Using this technique, we are able to obtain much greater resolution than a normal exposure would yield. This method is used to analyze closely-spaced objects, such as those in a binary system or microlensing field.
- Phase Correlation
When lucky imaging is used on localized objects (e.g. stars), it is not inaccurate to treat the field as a point source represented by the brightest pixel in the field. In this case, stacking the images is a simple matter of stacking the brightest pixels.
However, this model begins to fail when used on more diffuse or distended objects such as fields with nebulae and other emissions. In these cases, the brightest pixel from image to image is not as fixed.
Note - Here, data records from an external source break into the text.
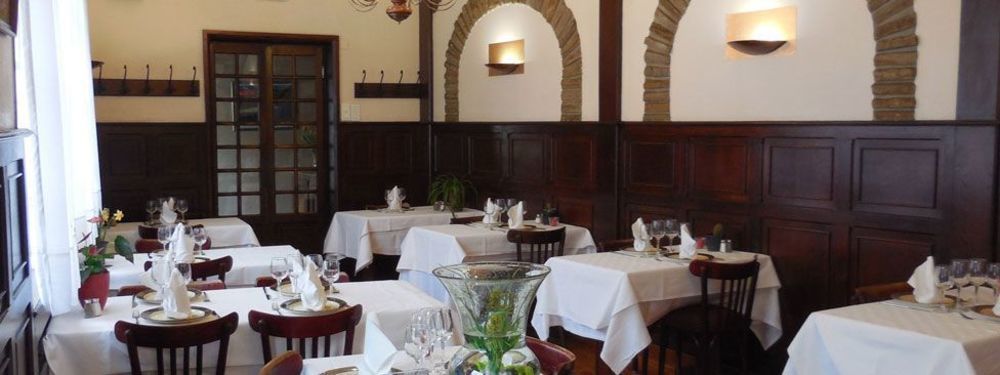 Logis Hotel Restaurant Des Voyageurs Pont-de-Salars Eksteriør bilde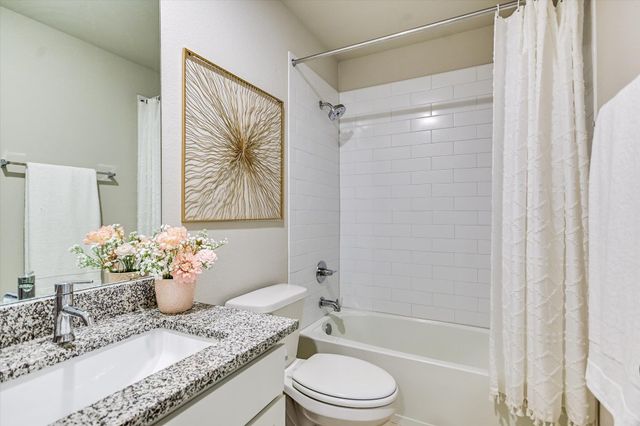 11110 2nd ST, Jonestown, TX 78645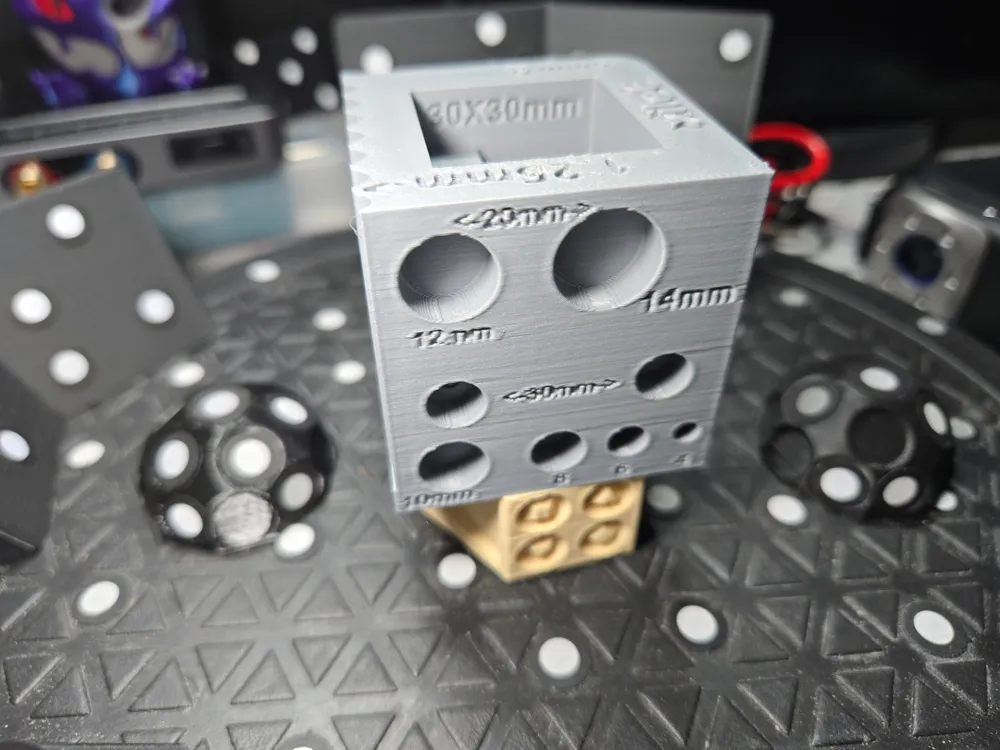 3D Scanning Cube Tester by xile06 MakerWorld: Download Free 3D Models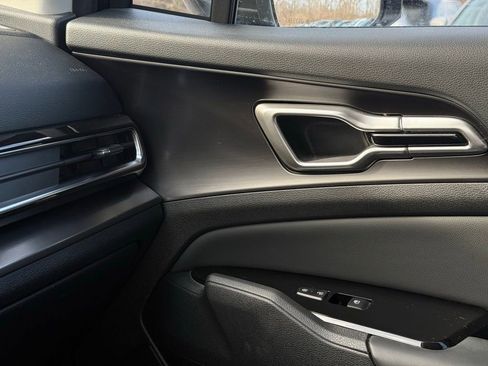 Certified 2023 Kia Sportage EX image 36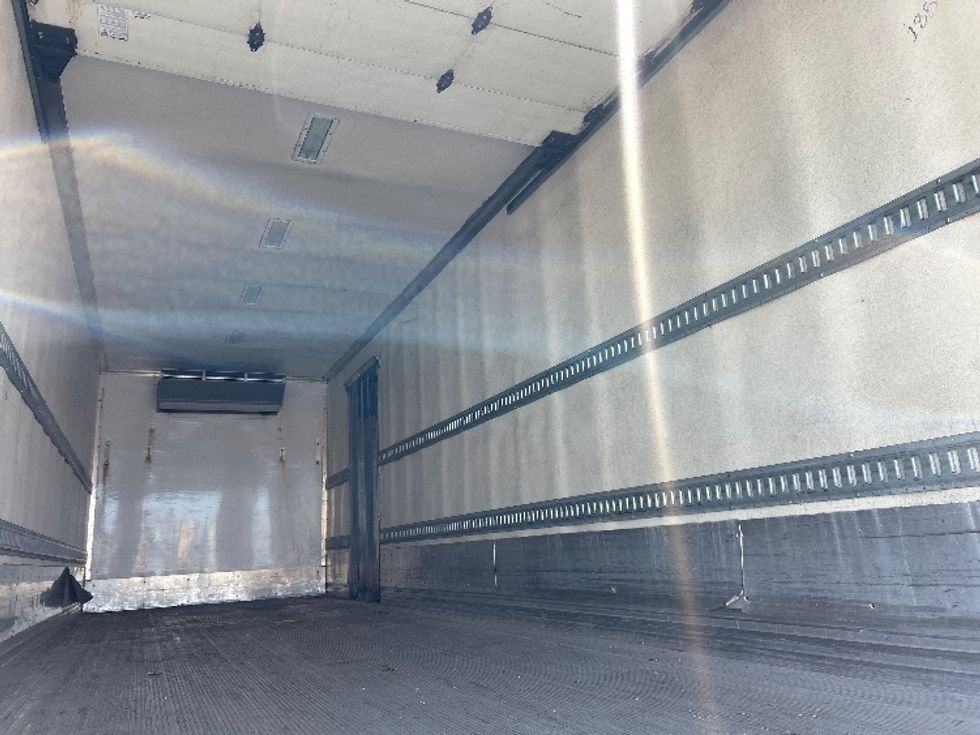 Refrigerated Truck-Light and Medium Duty Trucks-Hino-2018-338-Anaheim-CA-213,867\n\t\tmiles-$ 46,250 - Image 12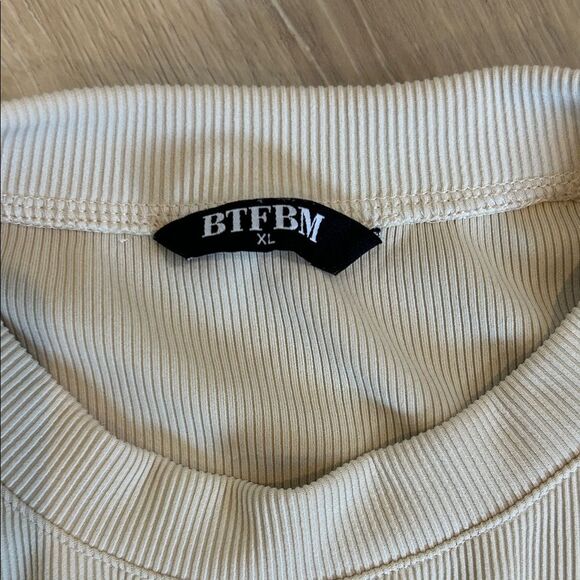 Loungewear Matching Set, Cream Crop Top and Black Wide Leg Pants, Size XL - Picture 5 of 9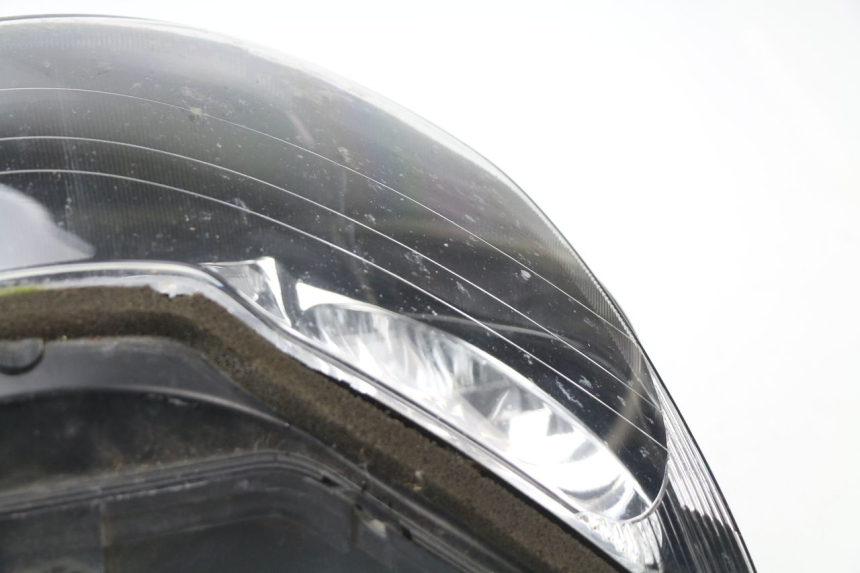 photo de PHARE AVANT HONDA CBR 929 RR FIREBLADE 900 (2000 - 2001) - Autre angle de vue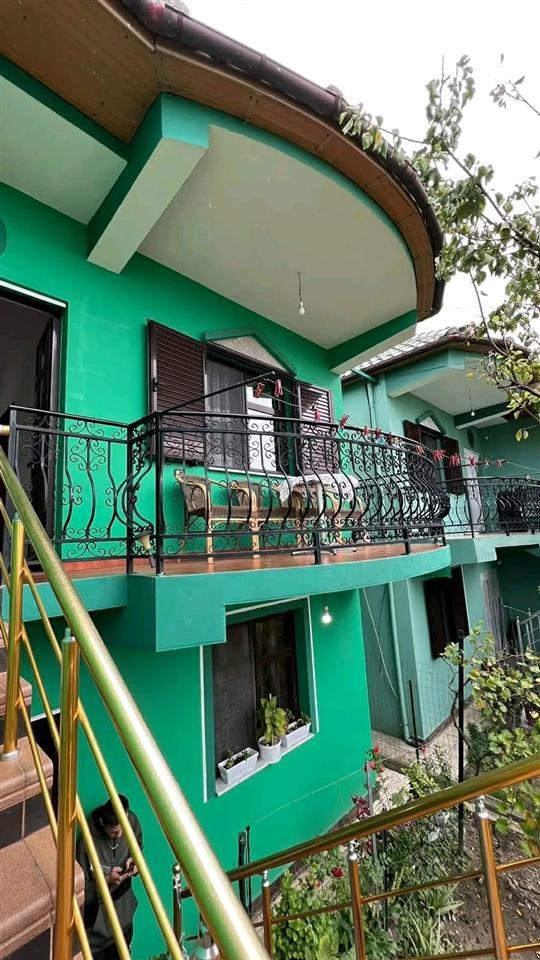 Shitet Shtepi Private| Shkozet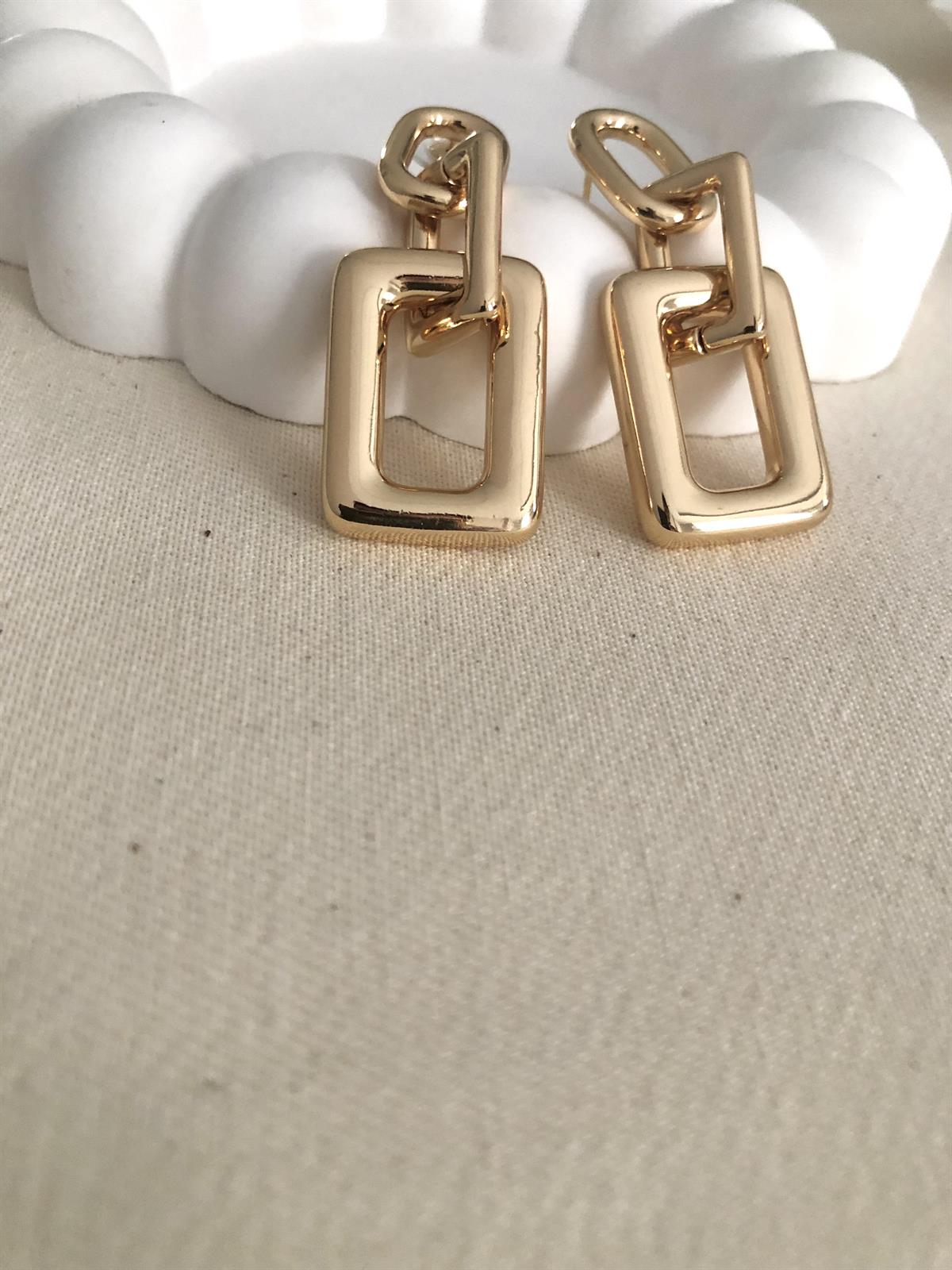 Üç Sıra Geçmeli Kalın Gold Kare Küpe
Instead, it is more effective to convert the images to frequency-space (using Fourier transforms) and match the points of greatest correlation. Simply put, the phase correlation method (PCM) looks for repeating patterns between two images.
Provided by Fredrik Orderud in the Wikimedia Commons
- Wavelet Sharpness Assessor
The relative sharpness of an image is a very important quality for both assessing the success of image processing and comparing one image to another. This is especially important when defining the "best" images for lucky imaging. Because the Strehl ratio concerns the point spread function (psf) of a source, it naturally cannot describe a distended source well. Hence, a different method is necessary to compare image quality.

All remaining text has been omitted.